The young man stuttered that he didn’t know how to ride. That he couldn’t afford a horse anyway. “It’s j-just my m-ma and m-me now. And we’re a p-poor family, p-poor as Job’s t-turkey,” he said, as if that explained everything.

Chauncey heard rumours later that the young man was having an exceedingly trying time as a preacher. Well, indeedo. Listening to him stutter out a sermon must have required more patience than Job ever had, never mind his turkey. And then Chauncey heard no more about him. Likely he became a bookbinder or a tailor. Likely he realized, as Chauncey did, that a wanderer had no respect.

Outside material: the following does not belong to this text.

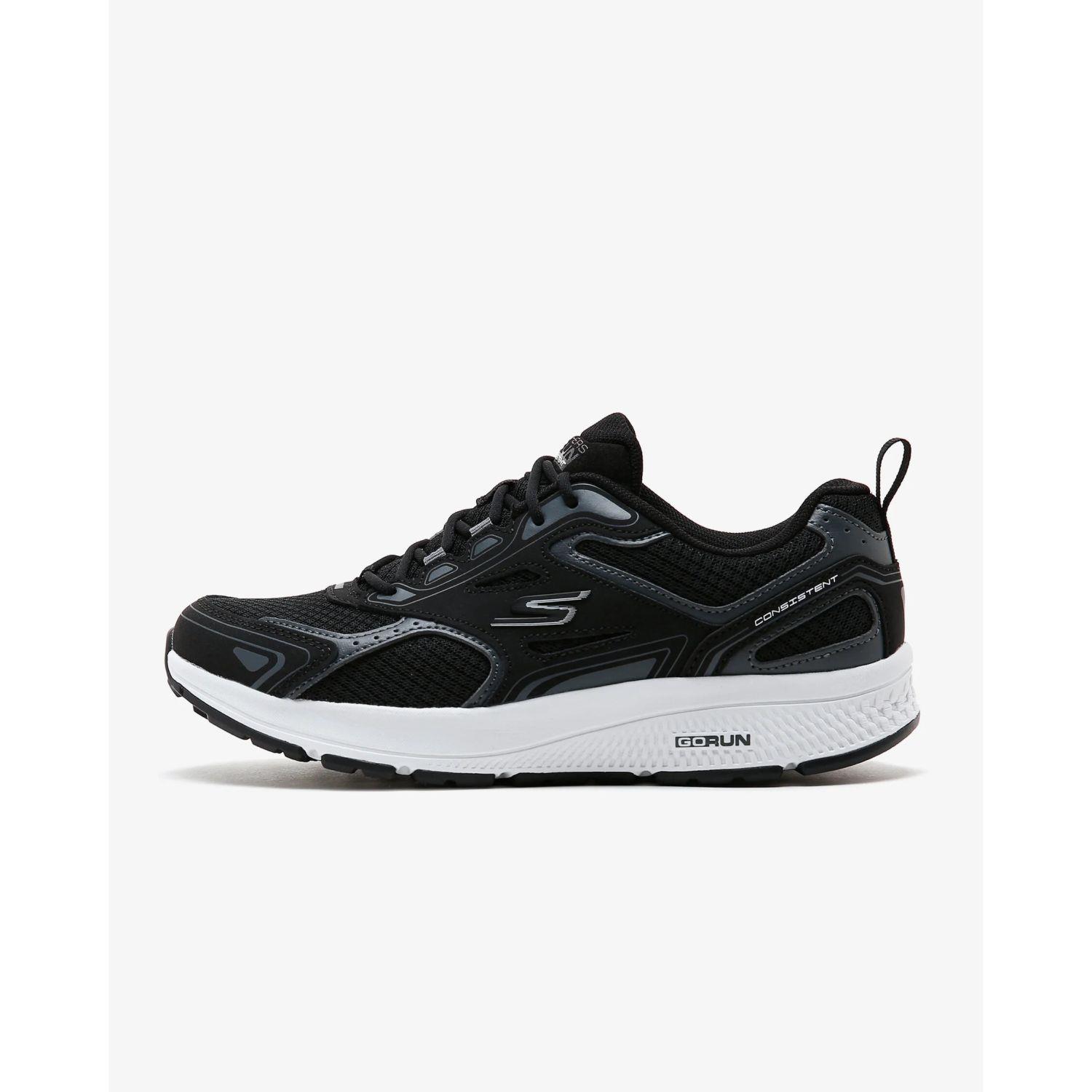 Skechers GO RUN CONSİSTENT Erkek Ayakkabısı SKC220034 BKW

Recalling all this Chauncey decides that whether he wins or loses this court battle, he will settle down and marry a good woman of ample charms. Become a professor of something or other. Botany, he decides as the Concord rolls on past an endless wood of what might be chestnut trees or elms. Chauncey sees polecats and deer and bears, now a field of horned cows, now a marsh crammed with ducks. At the edge of this marsh a horse, shod with clogs, balks at crossing while a child beats him with a stick. Chauncey sympathizes with the horse and the boy in equal measure. But then he has a knack for holding contradictory emotions. Particularly for Leah Fox Fish, whom he’d like to ruin and ravish and at the same instance.

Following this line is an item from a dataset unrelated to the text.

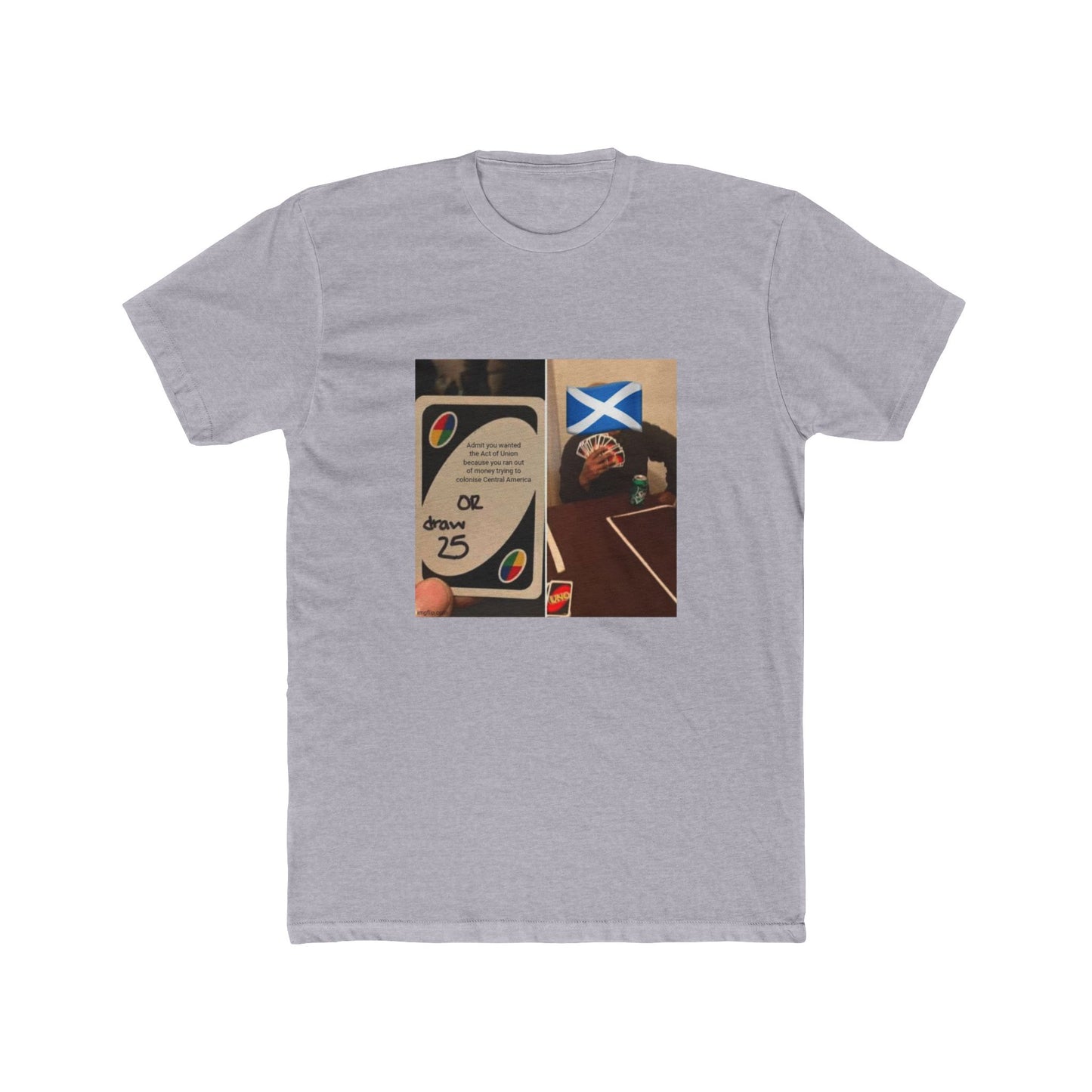 Dear Scottish Parliament, it was your own fault.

“Great damn it!” shouts Heman. A woman screams. The Concord has rounded a curve too fast and now lists precariously on two wheels.

“Now, people!” Chauncey orders. In one practised go, the passengers heap to the high side of the Concord, forcing it back down to four wheels. The passengers then pop back to their own seats, as neatly as corks in a toy gun. The Concord has only tipped over once this trip, the driver seeming more sober than most.